POR SUPUESTO QUE A NADIE SORPRENden, ni siquiera a los eruditos de la diplomacia y del derecho internacional, las precarias relaciones de Colombia con los países vecinos y las hecatombes, esas sí, frente a los tratados de libre comercio con Canadá y EE.UU.

La situación es muy grave: importantes industriales colombianos —supuestamente consentidos por el régimen— están a punto de quebrarse por cuenta de las pésimas relaciones del gobierno colombiano con Chávez y Correa.

 En abril el periódico El Tiempo publicó una encuesta entre exportadores colombianos para saber cuál era su situación comercial con Venezuela y Ecuador. El resultado debería haber prendido las alarmas en el Gobierno, pues el 64,5 de colombianos que tienen negocios con Venezuela aseguraron tener algún tipo de problema, mientras el 36,1 de industriales colombianos que tienen relaciones comerciales con Ecuador afirmaron que tenían barreras para el desarrollo normal de su actividad.
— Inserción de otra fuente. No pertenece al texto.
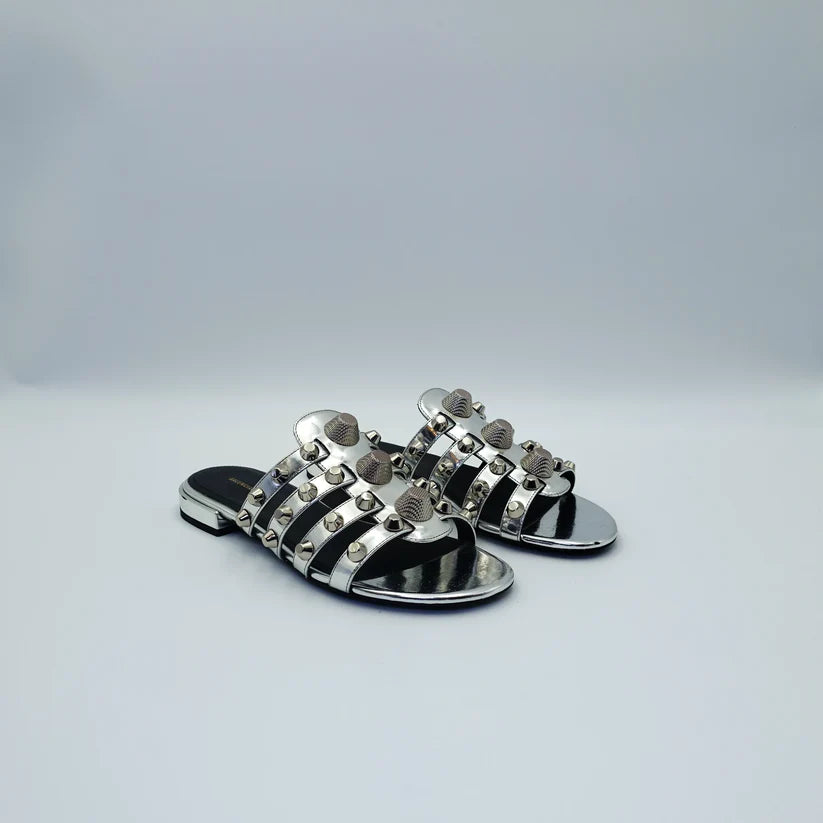 Silver studded flat sandals with black straps and metallic accents — Balenciaga | Endless UAE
Hoy, cinco meses después, la situación en lugar de mejorar ha empeorado; la exportación a Venezuela y Ecuador de calzado, confecciones, vehículos y electrodomésticos está reventada.

Los asuntos diplomáticos han sido manejados a las patadas por cuenta de la mezcla explosiva producida por la arrogancia del arriero y la estupidez del cachaco. La mixtura entre Uribe y el canciller Bermúdez ha convertido las relaciones internacionales de Colombia en un chiste mal contado y, como si fuera poco, hace tambalear la actividad exportadora. Hasta un estudiante de primer año de relaciones internacionales sabe que aquí los clientes claves para la venta de cientos de productos colombianos son Venezuela y Ecuador.

Al Canciller, a diferencia de su locuaz jefe, le cuesta trabajo poner dos palabras juntas. Y cuando lo hace, pone cara de bruto con ínfulas y mirada trascendental; me imagino la risa que les produce nuestro Canciller a los zorros de Chávez y Correa, quienes sin duda alguna vuelan con los motores apagados. Tiene suerte el canciller Bermúdez de no vivir en un país civilizado en donde, con razón y debido a sus limitaciones, lo tendrían en un centro para personas con necesidades especiales.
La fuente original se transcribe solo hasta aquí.